Notre avis sur Le Crime d'Orcival en livre audio
J'adore quand un roman du XIXe siècle vient me rappeler que le polar n'a pas attendu nos thrillers modernes pour savoir tendre ses pièges. Le Crime d'Orcival s'ouvre sur une image saisissante : le corps de la comtesse de Trémorel, l'une des plus belles femmes de France, repêché dans la rivière par deux braconniers en maraude, tandis que son mari, le comte, reste introuvable. Émile Gaboriau plante là un mystère qui vous happe avant même que l'enquêteur n'ait posé un pied dans le château.
Les auditeurs ne s'y trompent pas, avec 4,2/5 sur 1205 avis. Un lecteur parle d'une intrigue haletante et toujours inattendue, un autre du bonheur de retrouver un policier bien ficelé écrit dans une jolie langue, et je partage complètement ce ravissement. On y enrichit son vocabulaire sans jamais peiner à suivre, exactement comme le souligne un troisième avis. C'est là toute la magie de Gaboriau : une élégance d'écriture qui n'alourdit jamais le suspense.
Pourquoi écouter Le Crime d'Orcival en livre audio ?
Philippe Caulier possède exactement le timbre qu'il faut pour ce texte : une diction posée, presque théâtrale, qui rend justice aux longues déductions et aux dialogues ciselés du roman-feuilleton. Il donne au récit ce grain d'ancien qui fait tout le charme du genre, sans jamais tomber dans la lecture guindée. Ses silences, ses accélérations quand l'étau se resserre, rythment l'enquête avec un vrai sens de la scène.
Sur treize heures et quarante-cinq minutes, l'audio résout d'ailleurs un petit obstacle : la langue foisonnante du milieu du XIXe siècle se déguste bien mieux portée par une voix que déchiffrée à l'œil. On se laisse guider dans les méandres de l'enquête, dans la reconstitution méticuleuse de la scène du crime, sans jamais buter sur une tournure. C'est un excellent moyen de redécouvrir un classique qu'on n'aurait peut-être pas ouvert autrement.
Ce que vous allez découvrir
Tout commence par une scène de château dévasté : le mobilier sauvagement brisé, du sang sur les murs, et pourtant des fauteuils méthodiquement éventrés, comme si l'on avait cherché quelque chose. Un agent de la Sûreté est dépêché sur place, et l'enquête va s'ingénier à démêler le vrai du faux dans une mise en scène trop parfaite pour être honnête. Gaboriau, pionnier du roman policier, y déploie tout l'art de la fausse piste.

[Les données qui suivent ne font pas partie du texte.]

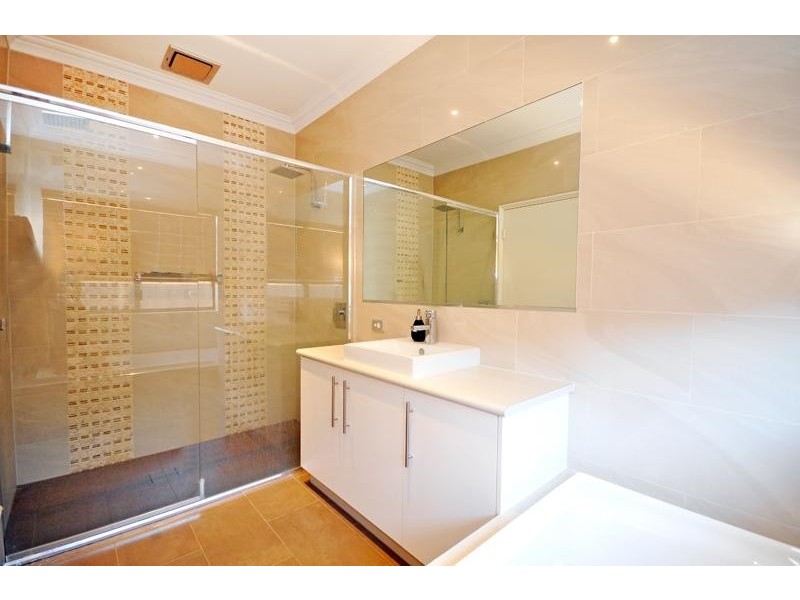 21 Curlew Street, Baynton WA 6714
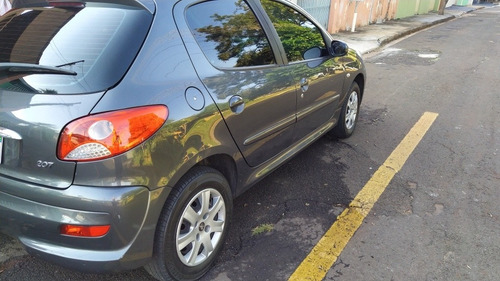 Peugeot 207 2013 1.4 Xr Flex 5p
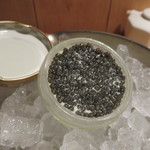 器楽亭 - 下町のポテサラ(じゃがいもと九条葱、サワークリームのサラダ、キャビアと)（笑）2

Au-delà de l'énigme, c'est un tableau de la société du Second Empire qui se dessine, avec ses apparences soignées et ses secrets d'alcôve. La question du mobile, la lecture minutieuse des indices, la psychologie des suspects : tout est déjà là, des décennies avant les enquêteurs qui feront la gloire du genre. Je ne vous dirai rien de la résolution, sinon qu'elle récompense l'auditeur attentif et garde ses tours de manche jusqu'au bout.
À qui s'adresse ce livre audio ?
C'est le livre audio parfait pour les amateurs de vieux polars à l'ancienne, ceux qui préfèrent les enquêtes patientes aux rebondissements à la seconde. Si les atmosphères de Conan Doyle ou les feuilletons du XIXe vous séduisent, vous serez ici en terrain conquis. Et pour qui n'a jamais lu Gaboriau, comme le confie l'un des auditeurs, c'est une porte d'entrée idéale et un vrai plaisir de découverte.
Je le réserverais volontiers aux longues soirées d'automne, quand on a envie d'une histoire qui prend son temps et d'une langue qui a du corps. À écouter au coin du feu, une tasse de thé à portée de main, en se laissant surprendre par une intrigue rusée. Un classique qui n'a pas pris une ride et prouve que le suspense n'a pas d'âge.